The Catholic Church in this country and around the world has been suffering for more than 40 years from massive contraception by Catholics and also from the effort to avoid the issue. Marital contraception is truly the elephant in the sanctuary. Everyone knows it’s there, but it’s the unmentionable subject. After a US Bishops committee urged, in 1989, that every engaged couple should be required to attend a full course of Natural Family Planning instruction, that good idea has been adopted by only six dioceses with a seventh trying to get there. The pews continue to empty, schools are being closed due to lack of students, parishes are closed or consolidated, and the basic cause—marital contraception—continues to be ignored.

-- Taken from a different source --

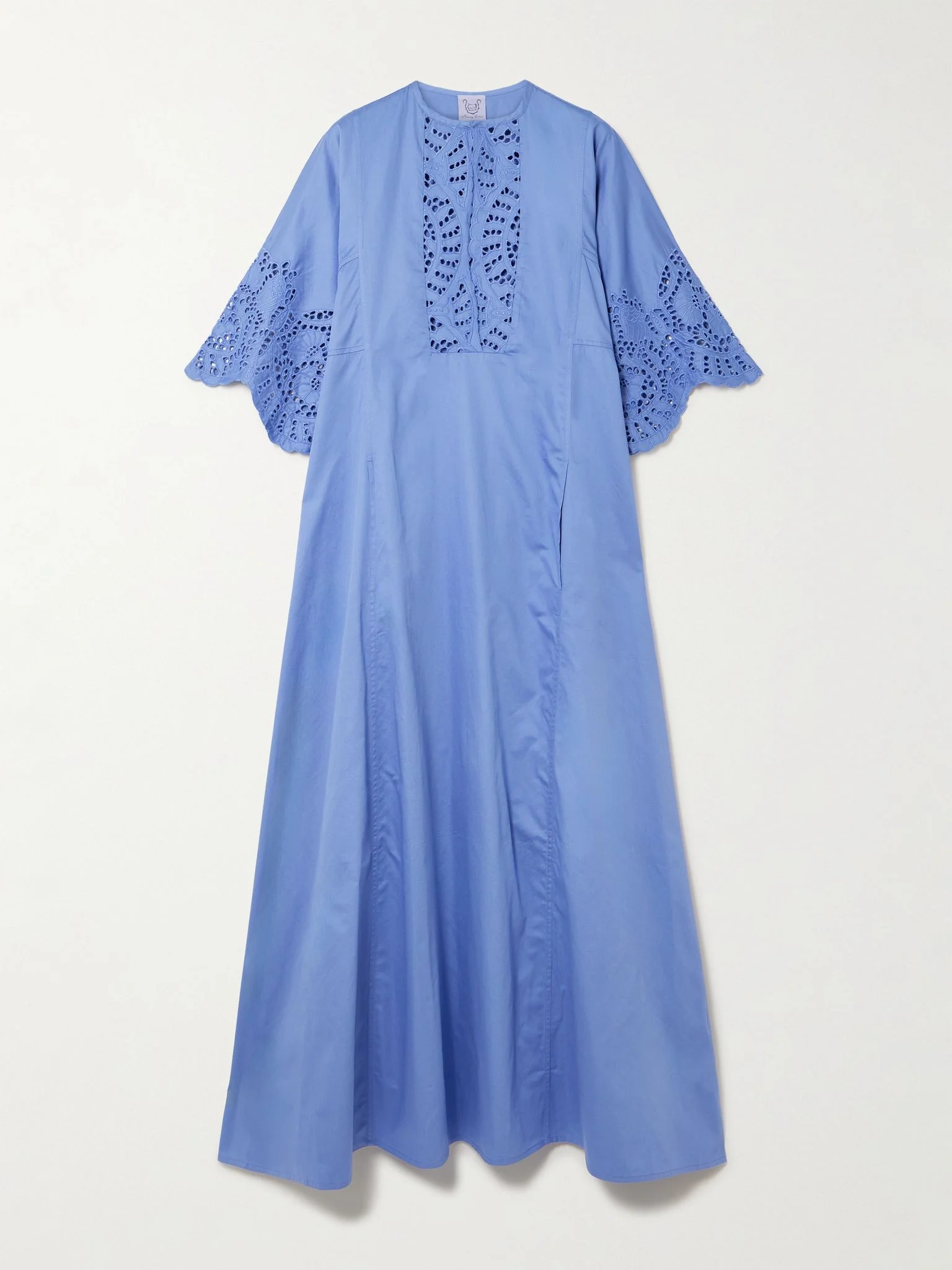 Rachel broderie anglaise cotton-poplin kaftan Blue - 1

And then there are the millions of aborted babies. Abortion is a fatal fruit of the modern sexual revolution that started with the acceptance of marital contraception. How can we reasonably expect to stop abortion without a huge increase in the number of voters who refuse to accept unnatural forms of birth control? Build a Humanae Vitae population within the Catholic Church and legalized abortion is over.
How does this affect us?
The 43-year tradition of ignoring the elephant in the sanctuary has tangible results. Only about 1.1 percent of churchgoing fertile-age Catholics are using any form of systematic NFP. Others are breastfeeding or just letting the babies come as they may. But the rate of non-contraception is still very low, about 10% at best. When we started teaching NFP in 1971, there was a market of couples who had formed their consciences—at least partially—before Humanae Vitae. Many of our early students were using unnatural forms of birth control because some priest had told them directly or implied that it was now okay to do so, but they still felt uneasy about it. Our NFP services and our Catholic teaching freed them to accept and to live out the truths of the encyclical.
But now there is almost no market for NFP services geared to couples of normal fertility. In the once-very-Catholic western part of Cincinnati, our pastor is the only priest who requires his engaged couples to take an NFP course, so we teach very small classes at his parish. I’ve talked with most of the other pastors (but some won’t return my calls). They say they accept Humanae Vitae, but they will not do anything effective such as requiring an NFP course. In response to my recent request to the Archdiocese, I received a page and a half of difficulties and problems they saw with an NFP requirement. Parish bulletin announcements rarely bring a response. The elephant in the sanctuary remains undisturbed.